Chapter 39
Hargrove
ALISTAIR
The light comes in grey and cold through the curtains.
Ivy is against my side, her hair across my chest, her breathing slow. Outside the window Ashworth Park is still. No birds yet, just the flat grey of the early morning pressing against the glass.
My muscles are stiff and my cock feels raw.
Then I remember what happened at the Orchid House and it pulses with the memories and my morning wood.
Fuck. What the fuck happened? Was it really as insane as I remember?
My cock seems to think so. Jesus Christ. I look at Ivy, worried that it was all too much, but she seems peaceful and content. We’d only been home for a few hours.
Jesus H Christ. I’ve been to plenty of lifestyle parties before, but that was just absolutely insane. I rub my eyes again and clear my throat. My phone is charging on the nightstand, the screen lit. That’s what must have woken me.
I rub my scratchy eyes and pick it up.
It’s a Signal message from Brodie. I’m not in the mood for Brodie, but I read the message anyway.
Full ID confirmed on Hargrove. Real name Matthew Parkinson. L.A. resident, currently in London on business. Arrived four days ago. Departure window closes in nineteen hours. Recommend immediate action. Full brief to follow.
There’s a photograph attached, encoded. I open it and I choke.
A spike of adrenaline hits me so hard I fly out of bed. Telling myself not to panic, I pull on kit and go downstairs and out through the kitchen door into the grounds.
The cold hits me immediately. My breath clouds in front of me. The gravel is hard underfoot, the grass beyond it white with frost, the sky to the east showing the first pale edge of light.
I run. I think of Ivy’s trusting body last night.
Hargrove, AKA Matthew Parkinson, will be gone in nineteen hours.
My feet on the gravel path, the east lawn, the gate to the lane beyond. The cold air burning my throat. Nineteen hours and then his jet takes him back to Los Angeles.
I think about his hands. I think about his face. The way he positioned himself. The ease of him. The casual questions he asked. The way he had inserted himself first into our honeymoon and then our marriage bed.
It was the worst kind of subterfuge, the worst betrayal.
If I felt so violated, how would Ivy feel?
He wanted to put his hands on Ivy and watch me watch it and he did.

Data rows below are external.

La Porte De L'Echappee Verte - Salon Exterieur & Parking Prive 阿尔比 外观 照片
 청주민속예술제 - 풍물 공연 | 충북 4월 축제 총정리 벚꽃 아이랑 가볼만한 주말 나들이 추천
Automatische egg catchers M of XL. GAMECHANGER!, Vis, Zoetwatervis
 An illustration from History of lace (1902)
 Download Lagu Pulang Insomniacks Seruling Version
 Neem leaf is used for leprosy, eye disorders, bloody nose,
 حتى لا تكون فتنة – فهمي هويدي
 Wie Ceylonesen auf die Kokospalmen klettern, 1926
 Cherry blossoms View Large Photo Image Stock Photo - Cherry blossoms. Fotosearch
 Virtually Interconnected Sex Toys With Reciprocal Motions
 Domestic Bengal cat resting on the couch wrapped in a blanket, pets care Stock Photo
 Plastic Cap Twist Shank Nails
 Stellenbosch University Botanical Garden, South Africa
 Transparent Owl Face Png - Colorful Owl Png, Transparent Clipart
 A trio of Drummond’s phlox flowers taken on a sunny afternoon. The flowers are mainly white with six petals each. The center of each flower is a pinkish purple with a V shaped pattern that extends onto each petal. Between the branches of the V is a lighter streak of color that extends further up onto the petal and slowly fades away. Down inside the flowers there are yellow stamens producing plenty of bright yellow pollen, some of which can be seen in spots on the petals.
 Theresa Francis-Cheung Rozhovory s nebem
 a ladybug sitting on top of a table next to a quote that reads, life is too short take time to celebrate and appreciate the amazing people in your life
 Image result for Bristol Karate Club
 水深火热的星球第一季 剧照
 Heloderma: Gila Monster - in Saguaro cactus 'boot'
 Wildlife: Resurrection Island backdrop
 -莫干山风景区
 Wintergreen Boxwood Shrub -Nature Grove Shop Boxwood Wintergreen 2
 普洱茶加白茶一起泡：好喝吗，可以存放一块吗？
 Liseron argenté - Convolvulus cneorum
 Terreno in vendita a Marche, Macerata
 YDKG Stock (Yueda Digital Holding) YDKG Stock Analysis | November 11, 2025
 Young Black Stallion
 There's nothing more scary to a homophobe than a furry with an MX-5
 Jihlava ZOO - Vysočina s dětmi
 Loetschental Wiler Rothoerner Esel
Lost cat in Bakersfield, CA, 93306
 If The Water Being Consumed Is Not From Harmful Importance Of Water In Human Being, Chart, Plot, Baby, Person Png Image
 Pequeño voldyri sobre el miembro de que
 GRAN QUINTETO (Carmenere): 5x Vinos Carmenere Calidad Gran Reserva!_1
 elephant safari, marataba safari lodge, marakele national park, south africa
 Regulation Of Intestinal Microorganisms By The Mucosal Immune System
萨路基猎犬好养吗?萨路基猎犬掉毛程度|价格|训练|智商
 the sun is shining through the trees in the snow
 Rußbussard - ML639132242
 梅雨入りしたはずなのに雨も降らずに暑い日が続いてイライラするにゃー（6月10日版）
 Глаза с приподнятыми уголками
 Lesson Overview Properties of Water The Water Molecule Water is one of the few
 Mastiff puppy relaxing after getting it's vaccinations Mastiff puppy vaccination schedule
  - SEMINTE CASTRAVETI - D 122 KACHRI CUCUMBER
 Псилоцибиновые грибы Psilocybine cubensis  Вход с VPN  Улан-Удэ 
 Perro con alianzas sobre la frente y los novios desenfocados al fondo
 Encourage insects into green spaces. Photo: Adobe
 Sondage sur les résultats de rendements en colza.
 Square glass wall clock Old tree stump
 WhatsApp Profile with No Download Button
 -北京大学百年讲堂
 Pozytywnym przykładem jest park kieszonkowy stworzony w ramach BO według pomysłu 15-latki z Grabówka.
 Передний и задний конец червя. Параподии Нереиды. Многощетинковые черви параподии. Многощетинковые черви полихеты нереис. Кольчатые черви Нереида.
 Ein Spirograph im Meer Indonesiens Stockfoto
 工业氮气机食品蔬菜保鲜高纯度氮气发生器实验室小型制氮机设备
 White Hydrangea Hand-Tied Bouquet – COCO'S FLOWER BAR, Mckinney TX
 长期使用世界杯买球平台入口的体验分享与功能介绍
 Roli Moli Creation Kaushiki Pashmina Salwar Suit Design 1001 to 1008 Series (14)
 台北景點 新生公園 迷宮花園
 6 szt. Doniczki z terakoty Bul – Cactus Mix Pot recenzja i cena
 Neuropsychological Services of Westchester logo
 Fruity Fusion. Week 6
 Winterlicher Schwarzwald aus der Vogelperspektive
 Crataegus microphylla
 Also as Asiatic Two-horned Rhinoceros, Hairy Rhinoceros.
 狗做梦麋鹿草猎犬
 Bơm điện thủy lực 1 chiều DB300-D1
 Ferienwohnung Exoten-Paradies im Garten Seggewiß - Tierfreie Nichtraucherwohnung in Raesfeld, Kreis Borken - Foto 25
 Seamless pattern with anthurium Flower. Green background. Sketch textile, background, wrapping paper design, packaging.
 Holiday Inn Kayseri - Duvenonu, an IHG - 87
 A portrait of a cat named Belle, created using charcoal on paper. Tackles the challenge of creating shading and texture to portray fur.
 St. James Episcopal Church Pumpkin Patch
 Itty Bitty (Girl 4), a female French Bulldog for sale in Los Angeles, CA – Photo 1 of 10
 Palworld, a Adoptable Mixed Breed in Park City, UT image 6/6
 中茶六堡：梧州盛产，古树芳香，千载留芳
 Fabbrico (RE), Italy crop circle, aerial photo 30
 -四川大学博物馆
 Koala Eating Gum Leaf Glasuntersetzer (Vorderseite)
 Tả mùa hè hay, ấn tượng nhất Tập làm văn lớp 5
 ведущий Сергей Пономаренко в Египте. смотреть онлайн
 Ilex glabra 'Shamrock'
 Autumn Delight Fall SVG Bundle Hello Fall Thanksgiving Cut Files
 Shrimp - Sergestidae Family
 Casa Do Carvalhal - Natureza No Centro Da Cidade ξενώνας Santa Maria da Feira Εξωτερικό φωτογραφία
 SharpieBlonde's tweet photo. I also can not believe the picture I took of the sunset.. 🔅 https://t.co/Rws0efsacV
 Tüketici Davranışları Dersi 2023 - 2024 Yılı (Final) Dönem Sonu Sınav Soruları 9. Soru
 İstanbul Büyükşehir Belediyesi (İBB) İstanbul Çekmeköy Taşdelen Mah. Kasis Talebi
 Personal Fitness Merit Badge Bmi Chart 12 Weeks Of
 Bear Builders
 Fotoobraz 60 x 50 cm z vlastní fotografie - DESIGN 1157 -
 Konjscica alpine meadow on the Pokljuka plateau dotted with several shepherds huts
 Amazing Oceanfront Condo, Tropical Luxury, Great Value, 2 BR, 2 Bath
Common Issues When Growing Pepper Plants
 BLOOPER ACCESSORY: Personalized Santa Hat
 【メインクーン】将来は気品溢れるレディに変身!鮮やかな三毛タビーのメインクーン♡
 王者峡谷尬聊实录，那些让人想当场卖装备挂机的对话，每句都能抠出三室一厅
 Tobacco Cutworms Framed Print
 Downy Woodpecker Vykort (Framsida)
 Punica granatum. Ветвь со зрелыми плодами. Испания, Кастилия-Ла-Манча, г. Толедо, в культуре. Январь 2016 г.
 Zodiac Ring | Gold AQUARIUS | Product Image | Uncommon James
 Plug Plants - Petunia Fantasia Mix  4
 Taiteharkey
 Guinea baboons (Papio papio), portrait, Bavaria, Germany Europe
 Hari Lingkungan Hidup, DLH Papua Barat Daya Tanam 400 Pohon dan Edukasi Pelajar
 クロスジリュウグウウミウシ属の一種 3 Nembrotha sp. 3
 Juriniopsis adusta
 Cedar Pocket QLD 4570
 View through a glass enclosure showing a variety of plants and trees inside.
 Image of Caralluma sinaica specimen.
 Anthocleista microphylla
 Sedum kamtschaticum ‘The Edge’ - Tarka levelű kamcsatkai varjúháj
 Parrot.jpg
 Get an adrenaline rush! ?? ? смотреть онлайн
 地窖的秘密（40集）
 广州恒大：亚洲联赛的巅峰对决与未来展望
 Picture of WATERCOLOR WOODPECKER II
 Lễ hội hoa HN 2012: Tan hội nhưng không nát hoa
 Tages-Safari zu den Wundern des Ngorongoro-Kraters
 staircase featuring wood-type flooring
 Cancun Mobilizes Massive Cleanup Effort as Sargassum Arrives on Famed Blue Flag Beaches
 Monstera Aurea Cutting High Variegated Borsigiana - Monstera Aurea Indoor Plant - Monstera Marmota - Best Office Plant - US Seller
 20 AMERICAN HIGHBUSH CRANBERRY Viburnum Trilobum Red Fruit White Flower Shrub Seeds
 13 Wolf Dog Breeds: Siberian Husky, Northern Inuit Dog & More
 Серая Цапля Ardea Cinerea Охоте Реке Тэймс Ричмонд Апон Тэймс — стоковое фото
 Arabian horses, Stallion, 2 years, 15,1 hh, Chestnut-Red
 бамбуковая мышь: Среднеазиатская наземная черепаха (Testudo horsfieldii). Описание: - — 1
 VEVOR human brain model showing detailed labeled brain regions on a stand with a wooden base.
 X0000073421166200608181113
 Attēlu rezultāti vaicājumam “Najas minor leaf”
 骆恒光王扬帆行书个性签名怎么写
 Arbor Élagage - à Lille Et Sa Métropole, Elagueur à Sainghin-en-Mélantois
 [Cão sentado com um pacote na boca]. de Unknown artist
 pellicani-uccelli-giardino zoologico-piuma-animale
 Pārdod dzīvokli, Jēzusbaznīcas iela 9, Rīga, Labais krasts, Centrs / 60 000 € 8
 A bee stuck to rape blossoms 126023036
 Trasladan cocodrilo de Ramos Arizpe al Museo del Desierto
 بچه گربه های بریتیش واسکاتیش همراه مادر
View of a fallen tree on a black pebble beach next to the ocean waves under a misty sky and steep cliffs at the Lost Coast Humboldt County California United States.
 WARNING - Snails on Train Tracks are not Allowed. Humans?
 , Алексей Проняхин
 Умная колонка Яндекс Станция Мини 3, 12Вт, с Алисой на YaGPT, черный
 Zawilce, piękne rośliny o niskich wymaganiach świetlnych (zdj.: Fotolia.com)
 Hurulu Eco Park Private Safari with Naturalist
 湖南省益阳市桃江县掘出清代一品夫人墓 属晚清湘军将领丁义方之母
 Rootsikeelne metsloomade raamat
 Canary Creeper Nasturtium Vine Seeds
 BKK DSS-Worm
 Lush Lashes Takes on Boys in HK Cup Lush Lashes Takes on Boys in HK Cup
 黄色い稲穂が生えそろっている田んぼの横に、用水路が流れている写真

I watched and I felt nothing but desire.
He was thinking about this. While it was happening he was thinking about this exact morning, this photograph landing on my phone.
How it would tear Ivy apart. I can’t bear it.
He has won a round I did not know I was playing.
My hands are fists. I push harder.
Nineteen hours. He thinks he is untouchable. He’ll go home feeling like a man who has done exactly what he came to do.
Henderson. I need Henderson. I need Brodie on a call within the hour. Hotel layout. Security. How many men he travels with. Whether he knows we know.
I need to think about what assets are in London. The risk of waiting against the risk of moving without the full brief.
He was inside my wife last night.
I push harder.
He planned all of it. The resort. Sarah's warmth. The way Ivy trusted her. The Orchid House invitation arriving the week after Elena’s bomb, when I was stretched thin and Ivy needed something good. He timed it. He built it. It was a weapon from the beginning.
Elena had help blowing up that nursery. His help. His money. His network running through Christopher and Vellcottt and Pearl Lambert Holdings.
His men had been in my house.
I turn at the end of the lane and run back harder.
I stop on the gravel at the kitchen door with my hands on my knees and breathe. I need to pull myself together.
Ashworth Park spreads out around me in the early light. The walled garden. The old stables. The long lawn going to the tree line. My mother's house. The house my family came to because someone bombed the nursery where my baby son slept.
Ivy is awake when I come upstairs.
Sitting up with her knees drawn to her chest, still in my shirt. She looks at me in such a dazed, loved-up way that there is no possible way I can tell her the truth. It will destroy her. I won’t allow her to be violated any more than she already has been.
I’ve never wanted to keep a secret from my wife, but this morning changed everything.